The Convent dedicated to San Francisco (16th century), built from an earlier Nasrid palace, is today the headquarters of the Parador de Turismo. It is an excellent place to visit and have a drink in its bar or restaurant; it has a quality that is not offered by the excessively touristy hotels in the surrounding area.
From the city, you can reach the site through the Puerta de las Granadas (16th century) which leads directly to the Alhambra Woods, where you will find the Manuel de Falla Auditorium, named after the Cádiz composer who dedicated the first act of his work Noche en los Jardines de España to the Generalife. Next to the Puerta de la Justicia we find the extraordinary Pilar de Carlos V (16th century), an allegorical monument of the three rivers of the Granada plain: Darro, Beiro and Genil.
In 1931, an enclave known as Dar al-arusa was discovered in the garden area of the Generalife, in the so-called Cerro del Sol. These are the remains of a small palace with several rooms. In this area are the remains of the hydraulic engineering elements that supplied the palaces and the defensive and surveillance elements such as the so-called Silla del Moro.
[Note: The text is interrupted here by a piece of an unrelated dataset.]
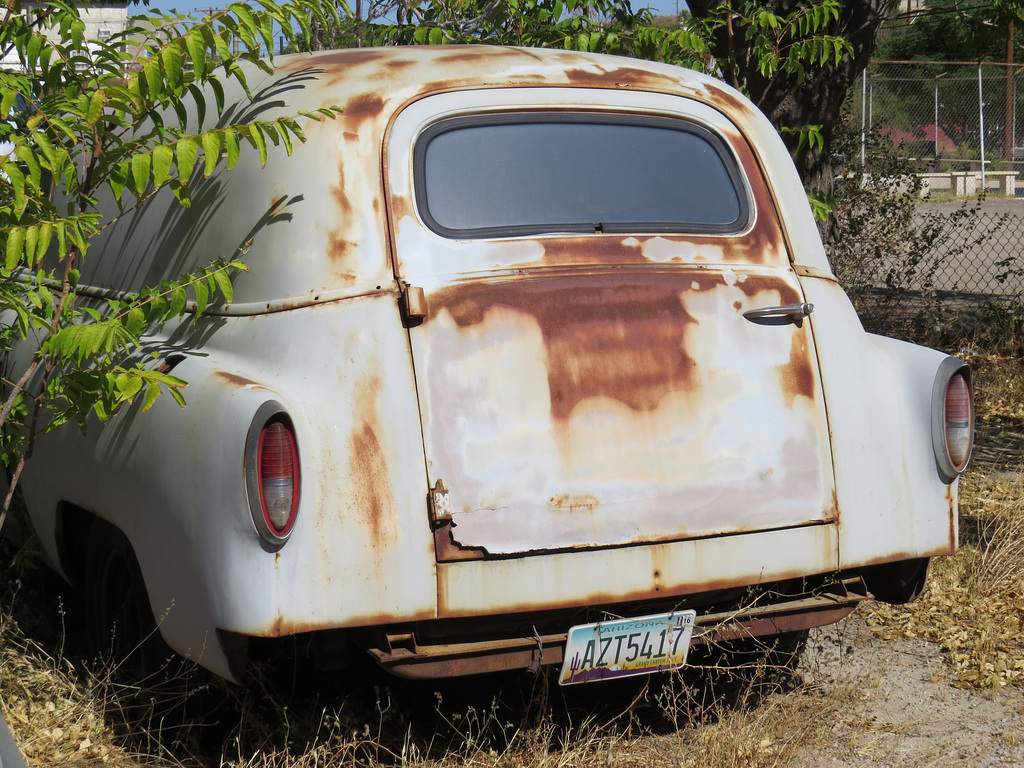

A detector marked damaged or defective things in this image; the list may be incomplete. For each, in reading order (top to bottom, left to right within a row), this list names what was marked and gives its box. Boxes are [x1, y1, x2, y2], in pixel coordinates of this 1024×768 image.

rust spots [212, 368, 258, 388]
rusty vintage car [10, 46, 976, 684]
rust spots [428, 274, 700, 424]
Later the fortification was used as a hermitage dedicated to Santa Elena.
Connected by a wall to the Alcazaba are the famous Torres Bermejas, three magnificent buildings whose origin can be traced back to the period of the Taifas kingdom (11th century).
Another curious enclave in the Alhambra’s surroundings is the extensive and ancient estate of the Carmen de los Catalanes. Next to the Manuel de Falla Auditorium is also the Carmen de los Mártires, a magnificent 19th century recreational estate with fountain gardens and even a lake.
When visiting the Generalife Palace, at whose feet there is a beautiful garden, one can perceive a less solemn atmosphere than that of the palaces of the neighbouring Alhambra. You enter the recreational estate through a spectacular Patio del Descabalgamiento, which indicates the existence of benches and terraces in this rugged terrain. A marble and tiled front gives access to the Patio de la Acequia, which was originally closed on all four sides. It is organised around a large canal with slender spouts; it leads to the different pavilions and rooms, among which the Sala Regia stands out.